Interoperability is crucial for imaging resources, as it allows researchers to effectively share, compare, and analyze data from different sources, accelerating scientific discoveries and fostering collaboration across disciplines.
In imaging, metadata, ontology and vocabulary are interconnected concepts that play crucial roles in making data FAIR. Metadata uses ontology concepts to annotate imaging data. Vocabularies are used within ontologies to define concepts. Ontologies add structure and relationships to vocabularies.
Use of metadata schemas enables interoperability
Studies annotated with the same metadata schema can be seamlessly integrated with one another, enabling broader comparative analyses and new insights.
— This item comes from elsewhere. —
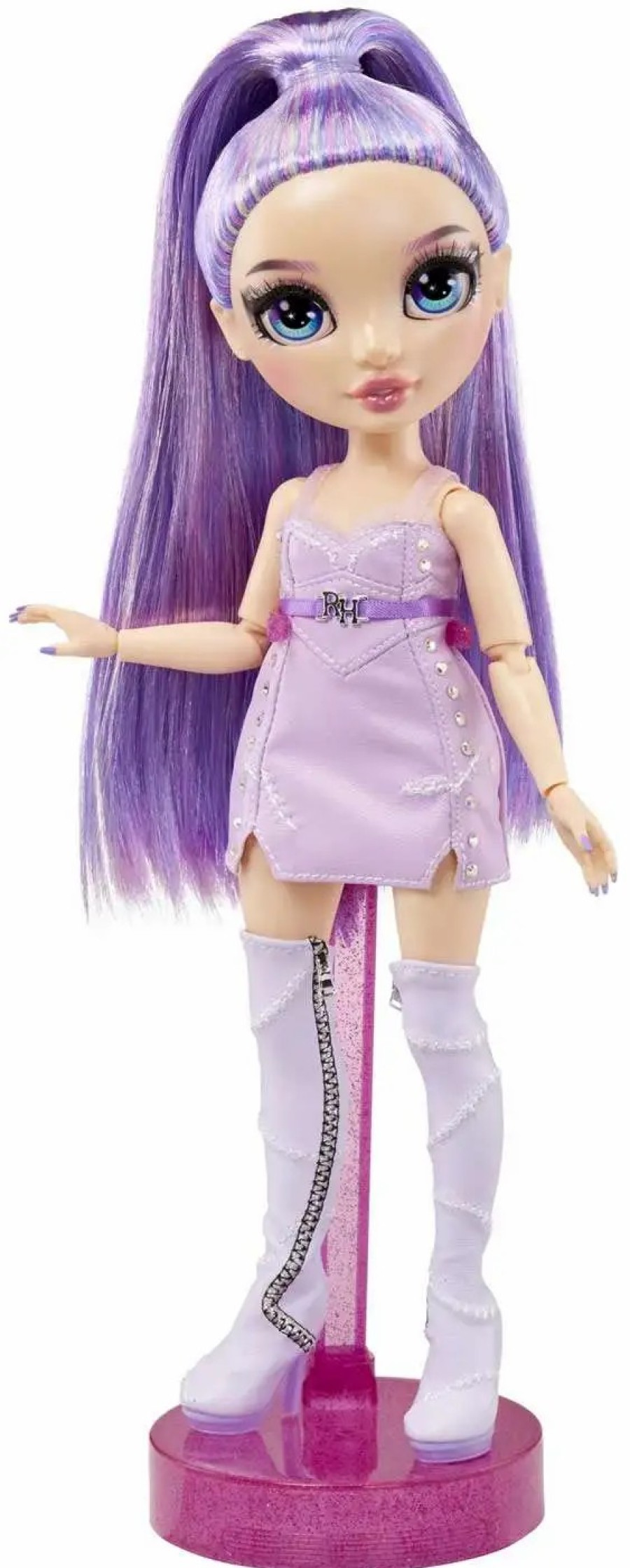 All Brands MGA Entertainment | Rainbow High Shadow High Costume Ball Violet Willow Doll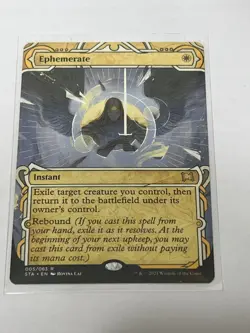 MTG Magic the Gathering Ephemerate 005/063 Strixhaven Mystical Archive - Image 1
Metadata is data about the data and in imaging, metadata uses ontology terms to describe the context, content, and structure of image data. Metadata with schemas that have clear definitions ensure that imaging data is understandable, reproducible, and reusable. Often terms from various ontologies are re-used to define such a structured model.
Ontologies are quantifiable stores of knowledge in a specific domain. Ontologies reference controlled vocabulary terms (such as “image” or “tissue” or “microscope”) that represent concepts in the domain of that ontology. Most importantly, an ontology organizes and formalizes this knowledge by defining the relationships between the concepts.
A controlled vocabulary refers to the set of terms and definitions that are used within a specific domain. The purpose of a controlled vocabulary is to ensure consistency and clarity.
One metadata schema may reference multiple ontologies. One ontology may reference one or multiple vocabularies, or refer to one or multiple other ontologies.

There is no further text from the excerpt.